→ What the exercise asks: Begin at the line below that holds "Jesús López Chargoy" and end at the line that holds "Білий Сузукі Гранд", transcribing each line exactly and skipping any picture.

→ Records shown:
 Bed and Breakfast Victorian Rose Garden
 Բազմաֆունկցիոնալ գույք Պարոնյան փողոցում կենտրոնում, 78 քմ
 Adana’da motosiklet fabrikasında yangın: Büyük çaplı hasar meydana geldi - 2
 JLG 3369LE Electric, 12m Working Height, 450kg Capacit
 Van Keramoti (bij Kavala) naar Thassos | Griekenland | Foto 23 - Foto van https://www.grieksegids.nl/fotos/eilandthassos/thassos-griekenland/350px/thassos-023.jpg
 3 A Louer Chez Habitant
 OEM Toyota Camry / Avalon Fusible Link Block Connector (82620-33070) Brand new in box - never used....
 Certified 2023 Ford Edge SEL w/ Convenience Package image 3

...

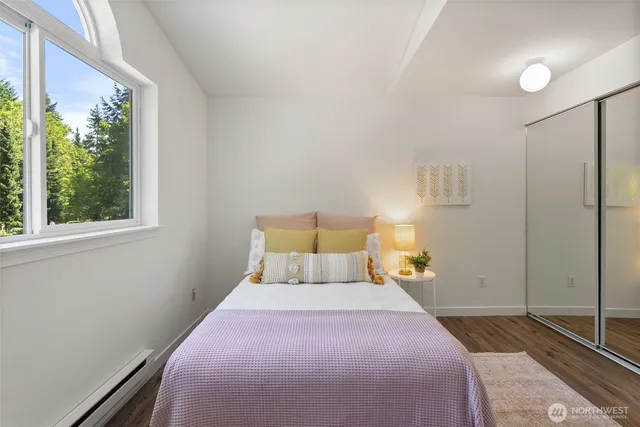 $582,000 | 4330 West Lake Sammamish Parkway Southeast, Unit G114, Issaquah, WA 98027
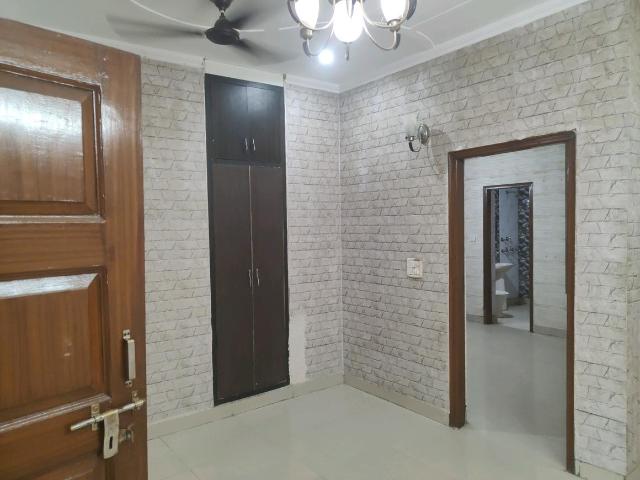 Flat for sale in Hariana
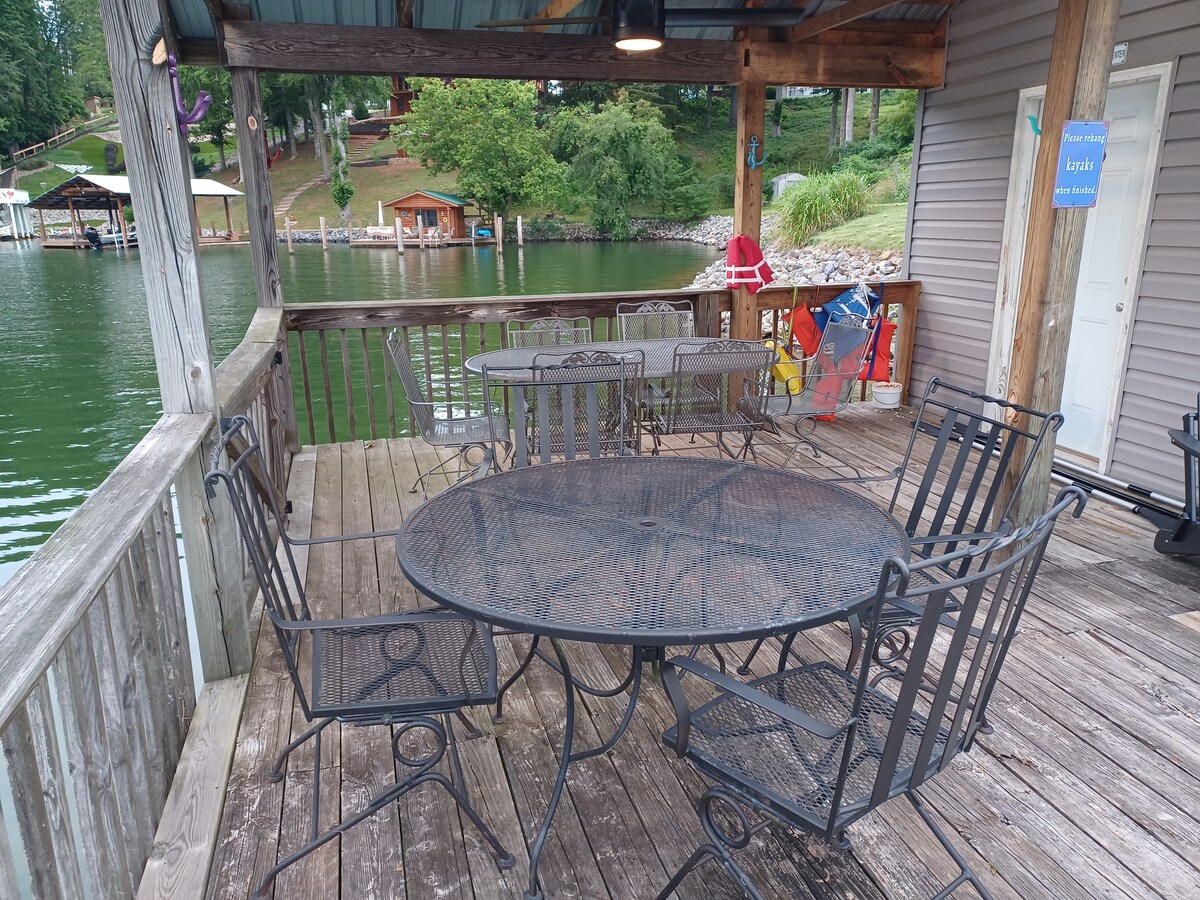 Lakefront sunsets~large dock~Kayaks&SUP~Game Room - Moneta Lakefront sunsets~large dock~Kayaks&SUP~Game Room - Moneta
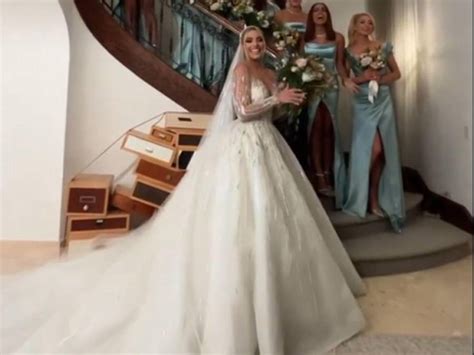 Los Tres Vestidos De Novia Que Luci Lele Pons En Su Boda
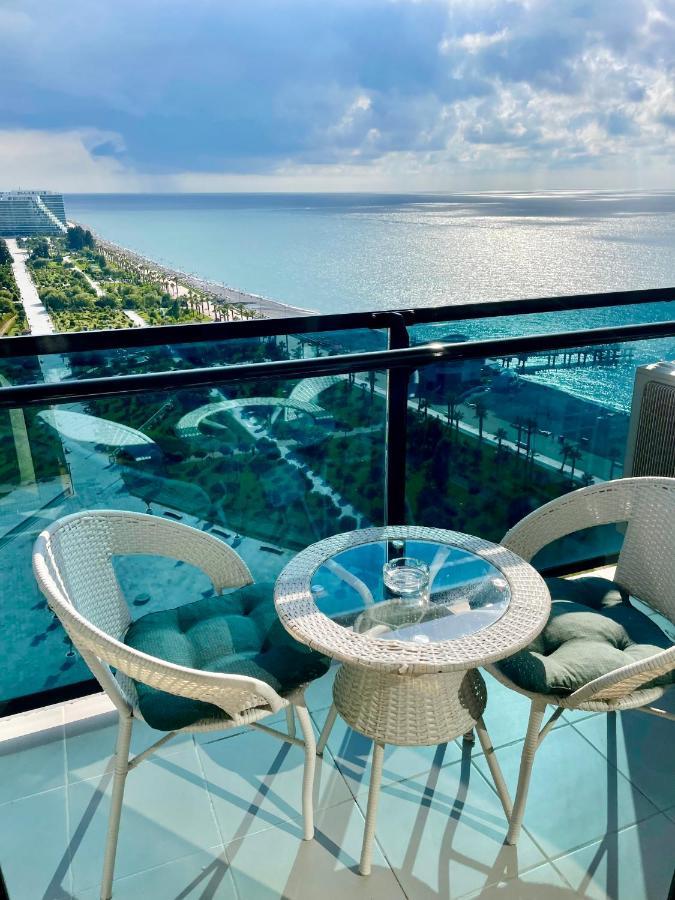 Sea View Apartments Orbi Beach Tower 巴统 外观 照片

* * *

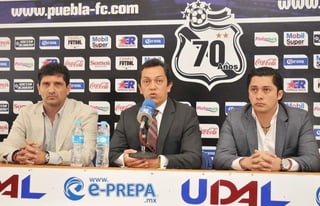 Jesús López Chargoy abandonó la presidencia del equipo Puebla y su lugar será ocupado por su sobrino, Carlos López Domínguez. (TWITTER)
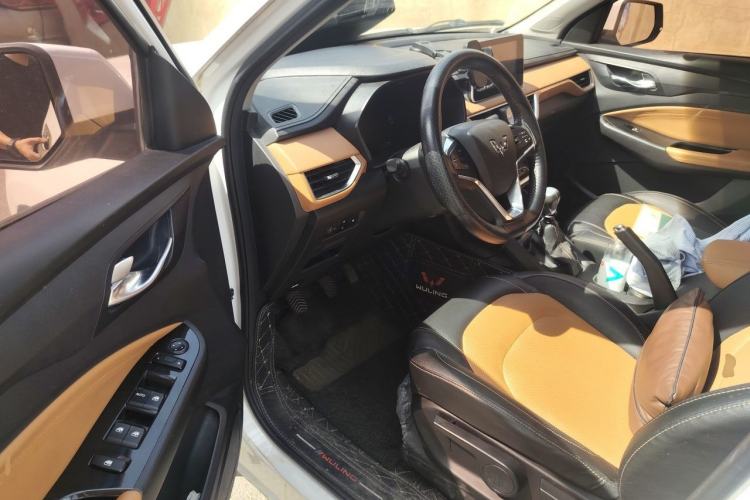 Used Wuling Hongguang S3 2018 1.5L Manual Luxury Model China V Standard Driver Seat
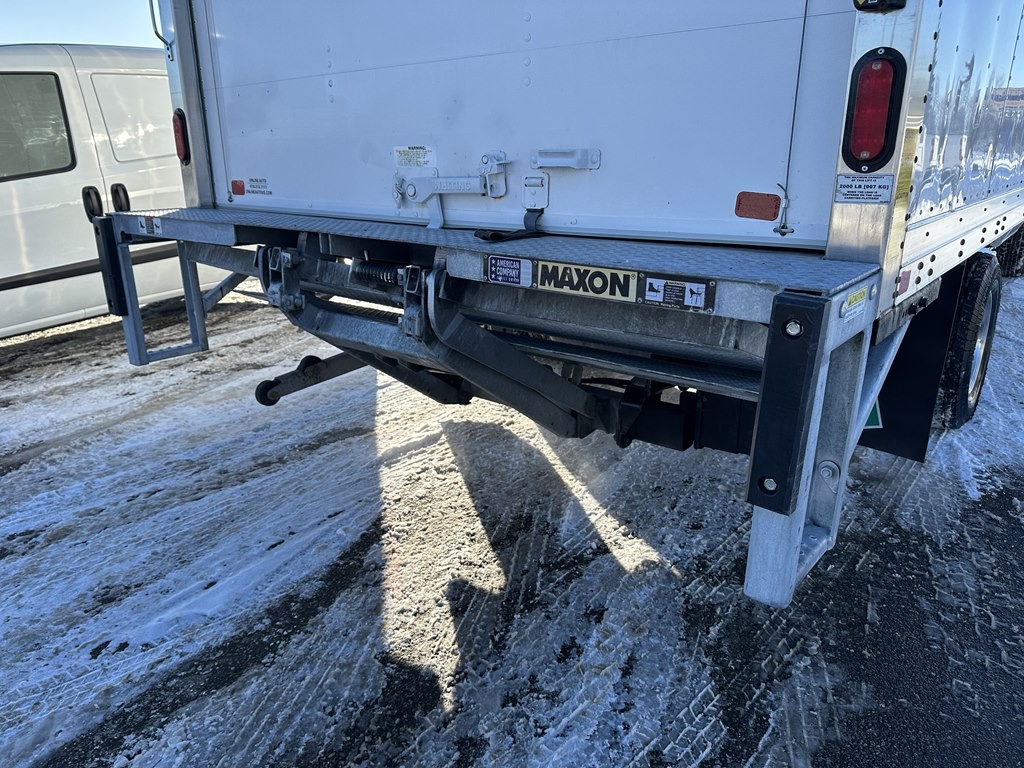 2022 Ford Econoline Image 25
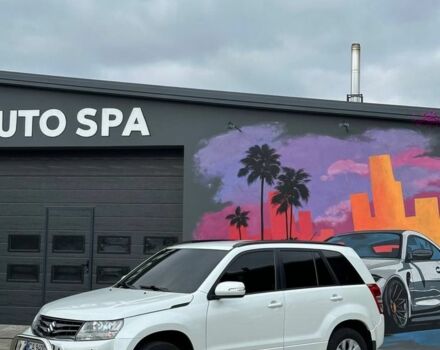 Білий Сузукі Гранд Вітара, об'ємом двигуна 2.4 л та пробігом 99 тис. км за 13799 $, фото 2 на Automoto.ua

→ Response to this exercise:
 Jesús López Chargoy abandonó la presidencia del equipo Puebla y su lugar será ocupado por su sobrino, Carlos López Domínguez. (TWITTER)
 Used Wuling Hongguang S3 2018 1.5L Manual Luxury Model China V Standard Driver Seat
 2022 Ford Econoline Image 25
 Білий Сузукі Гранд Вітара, об'ємом двигуна 2.4 л та пробігом 99 тис. км за 13799 $, фото 2 на Automoto.ua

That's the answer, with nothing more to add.